Il n’est pas justifié de circonstances particulières permettant d’écarter l’exécution provisoire de droit de la présente décision si bien que le syndicat des copropriétaires sera débouté de sa demande formée de ce chef.
Partie perdante au procès, le syndicat des copropriétaires de l’immeuble situé [Adresse 7] sera condamné aux dépens ainsi qu’à verser la somme de 2.500 euros à Mme [U] [Y] en application de l’article 700 du code de procédure civile.
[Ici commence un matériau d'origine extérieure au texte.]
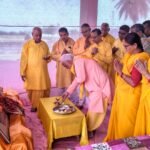 गढ़वा में गायत्री परिवार की जिलास्तरीय गोष्ठी, गायत्री और यज्ञ को घर-घर पहुंचाने का लिया संकल्प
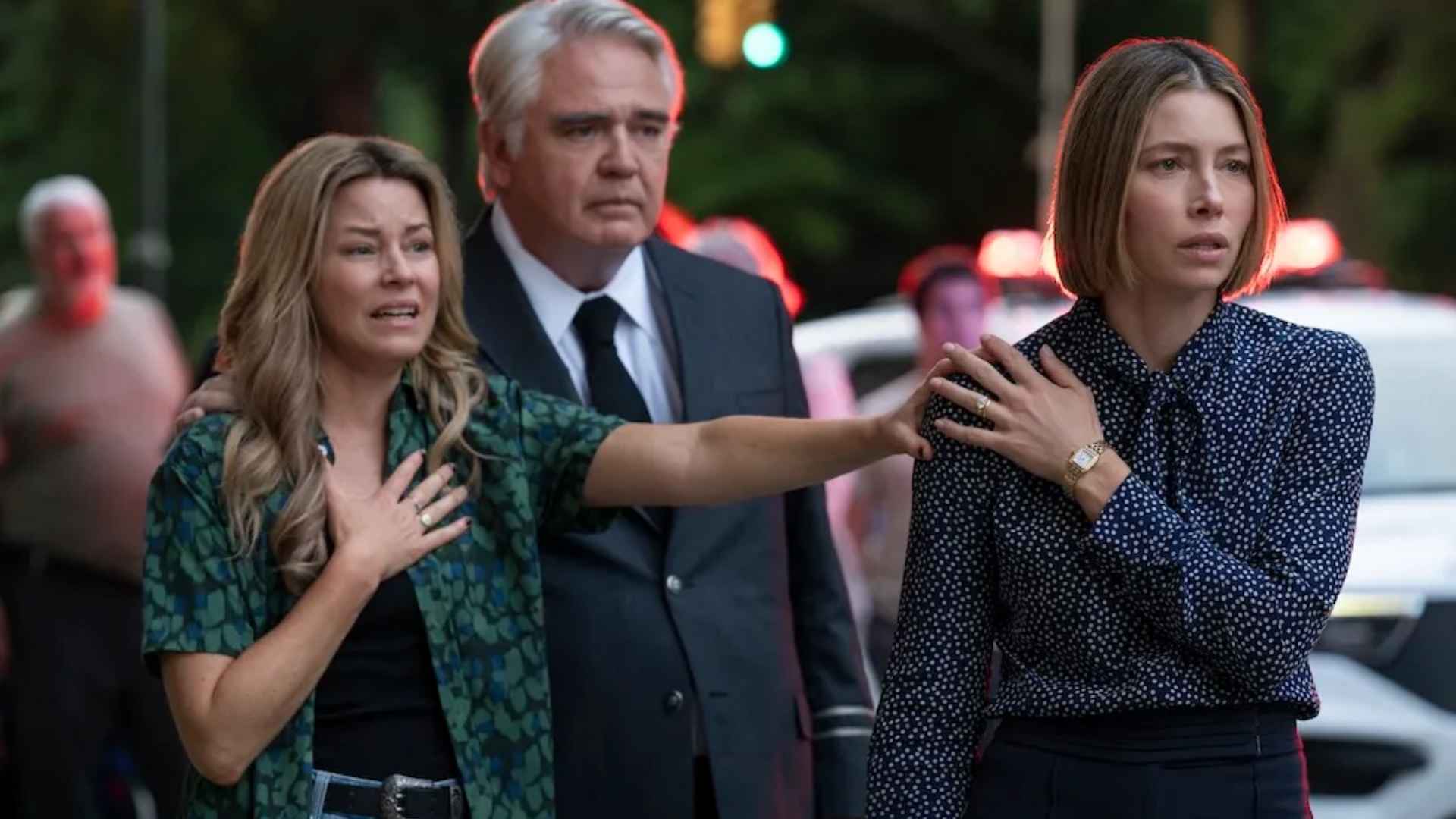 The Better Sister review Jessica Biel and Elizabeth Banks on Prime Video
L’équité commande en revanche de ne pas prononcer d’autres condamnations sur ce fondement et de débouter toutes les autres parties de leurs demandes formées de ce chef.
PAR CES MOTIFS
Le tribunal, statuant après débats publics, par jugement contradictoire rendu en premier ressort:
DECLARE le syndicat des copropriétaires de l’immeuble situé [Adresse 7] responsable des dommages causés au lot privatif de Mme [U] [Y] par le défaut d’entretien de la colonne commune d’évacuation des eaux usées ayant rendu nécessaire des travaux destructifs ;
CONDAMNE le syndicat des copropriétaires de l’immeuble situé [Adresse 7] à payer à Mme [U] [Y], en indemnisation de son préjudice, les sommes suivantes :
— 8.063,62 euros en réparation de son préjudice matériel,
— 6 563,40 euros en indemnisation de la perte de loyers et de la perte de chance de percevoir des loyers,
— 844,09 euros en remboursement du coût des constats dressés par des commissaires de justice ;
CONDAMNE le syndicat des copropriétaires de l’immeuble situé [Adresse 7] à payer à Mme [U] [Y] la somme de 2.500 euros sur le fondement de l’article 700 du code de procédure civile ;
REJETTE la demande tendant à ce que soit écartée l’exécution provisoire de droit de la présente décision ;
DEBOUTE le syndicat des copropriétaires de l’immeuble situé [Adresse 7] de toutes ses demandes d’indemnisation et de garantie ;
DEBOUTE la société Etablissements [N], la société Generali Iard et la caisse régionale d’assurances mutuelle agricole Groupama Méditerranée de leurs demandes fondées sur l’article 700 du code de procédure civile ;
CONDAMNE le syndicat des copropriétaires de l’immeuble situé [Adresse 7] aux dépens ;
RAPPELLE que Mme [U] [Y] sera dispensée de toute participation à la dépense commune des frais de procédure conformément à l’article 10-1 de la loi du 10 juillet 1965.
Le présent jugement a été signé par le Président et le Greffier.